> [Recorded information]
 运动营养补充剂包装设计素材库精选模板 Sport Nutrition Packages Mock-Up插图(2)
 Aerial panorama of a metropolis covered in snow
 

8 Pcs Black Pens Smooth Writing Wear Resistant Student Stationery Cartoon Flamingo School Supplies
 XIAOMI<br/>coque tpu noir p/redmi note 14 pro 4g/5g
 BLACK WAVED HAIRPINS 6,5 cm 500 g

---

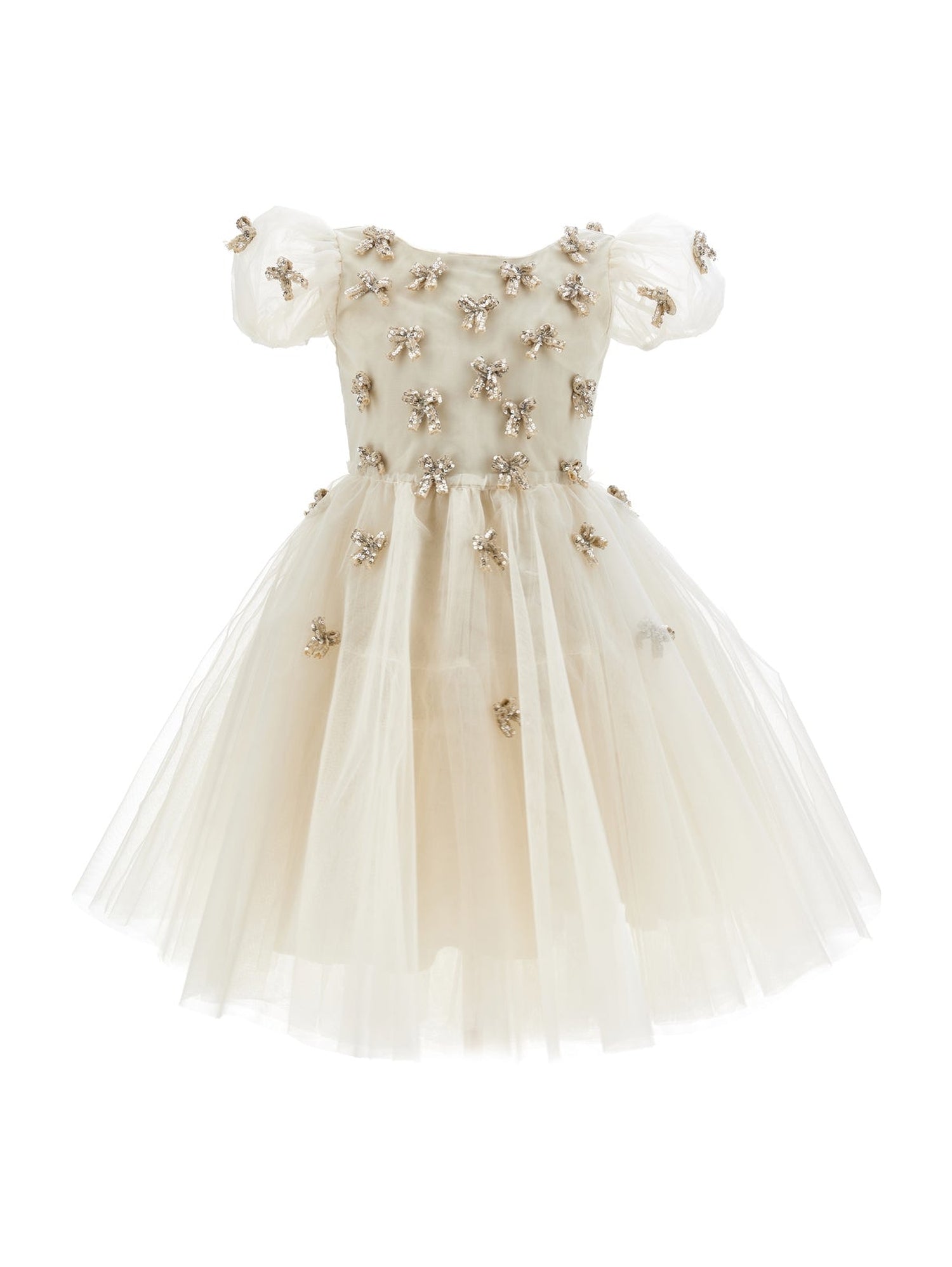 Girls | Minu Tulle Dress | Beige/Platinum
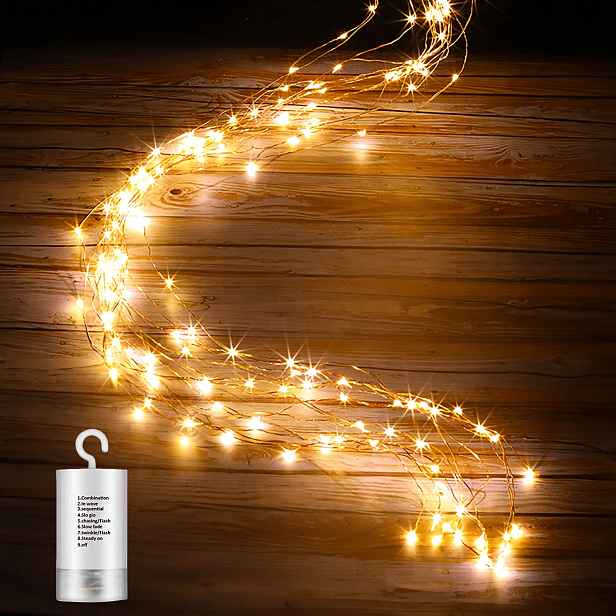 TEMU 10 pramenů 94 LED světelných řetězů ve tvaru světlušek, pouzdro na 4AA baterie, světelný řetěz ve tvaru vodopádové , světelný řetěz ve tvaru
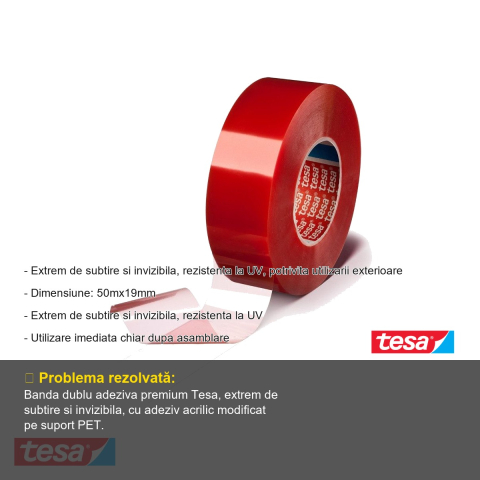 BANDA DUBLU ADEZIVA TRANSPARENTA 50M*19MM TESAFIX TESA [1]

> [Description of the task] An exact copy of the lines above between the line holding "运动营养补充剂包装设计素材库精选模板 Sport Nutrition" and the line holding "BLACK WAVED HAIRPINS 6,5 cm 500 g", inclusive, is the whole answer.

> [Solution for this task]
 运动营养补充剂包装设计素材库精选模板 Sport Nutrition Packages Mock-Up插图(2)
 Aerial panorama of a metropolis covered in snow
 

8 Pcs Black Pens Smooth Writing Wear Resistant Student Stationery Cartoon Flamingo School Supplies
 XIAOMI<br/>coque tpu noir p/redmi note 14 pro 4g/5g
 BLACK WAVED HAIRPINS 6,5 cm 500 g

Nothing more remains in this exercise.